It's nice to use the processors vector arithmetic to good effect, but
it's all for naught when
there are too many moves from/to general registers cluttering up the
loop. With a
double-vector reduction variable, the standard final reduction code got
so awkward that
the register allocator decided that the reduction variable must live in
general purpose
registers, not only after the loop, but across the loop patch.
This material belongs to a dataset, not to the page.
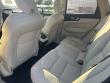 2026 Volvo XC60 B5 Ultra SUV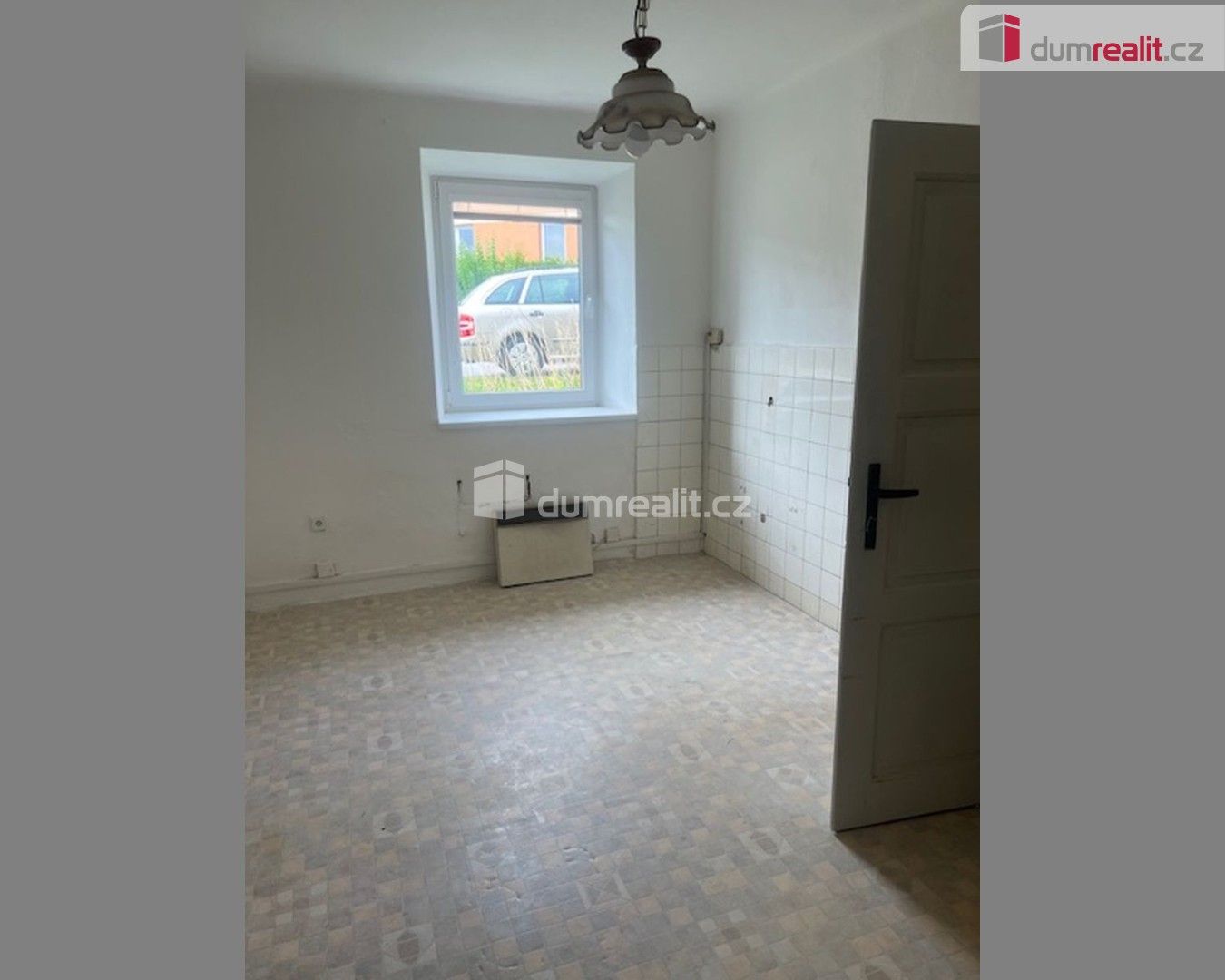 Prodej komerčního prostoru 140 m² - foto 7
Splitting the reduction to force the first step to be done as a vector
operation
seemed the obvious solution. The hook was called, but the vectorizer still
generated the vanilla final reduction code. It turns out that the
reduction splitting
was calculated, but the result not used, and the calculation started anew.
The attached patch fixes this.
bootstrapped and regression tested on x86_64-pc-linux-gnu .
2018-10-31 Joern Rennecke <joern.renne...@riscy-ip.com>
* tree-vect-loop.c (vect_create_epilog_for_reduction):
If we split the reduction, use the result in Case 3 too.
Index: tree-vect-loop.c
===================================================================
--- tree-vect-loop.c (revision 266008)
+++ tree-vect-loop.c (working copy)
@@ -5139,6 +5139,7 @@ vect_create_epilog_for_reduction (vec<tree> vect_d
while (sz > sz1)
{
gcc_assert (!slp_reduc);
+ gcc_assert (new_phis.length () == 1);
sz /= 2;
vectype1 = get_vectype_for_scalar_type_and_size (scalar_type, sz);
@@ -5301,7 +5302,12 @@ vect_create_epilog_for_reduction (vec<tree> vect_d
FOR_EACH_VEC_ELT (new_phis, i, new_phi)
{
int bit_offset;
- if (gimple_code (new_phi) == GIMPLE_PHI)
+
+ /* If we did reduction splitting, make sure to use the result. */
+ if (!slp_reduc && new_phis.length () == 1
+ && new_temp != new_phi_result)
+ vec_temp = new_temp;
+ else if (gimple_code (new_phi) == GIMPLE_PHI)
vec_temp = PHI_RESULT (new_phi);
else
vec_temp = gimple_assign_lhs (new_phi);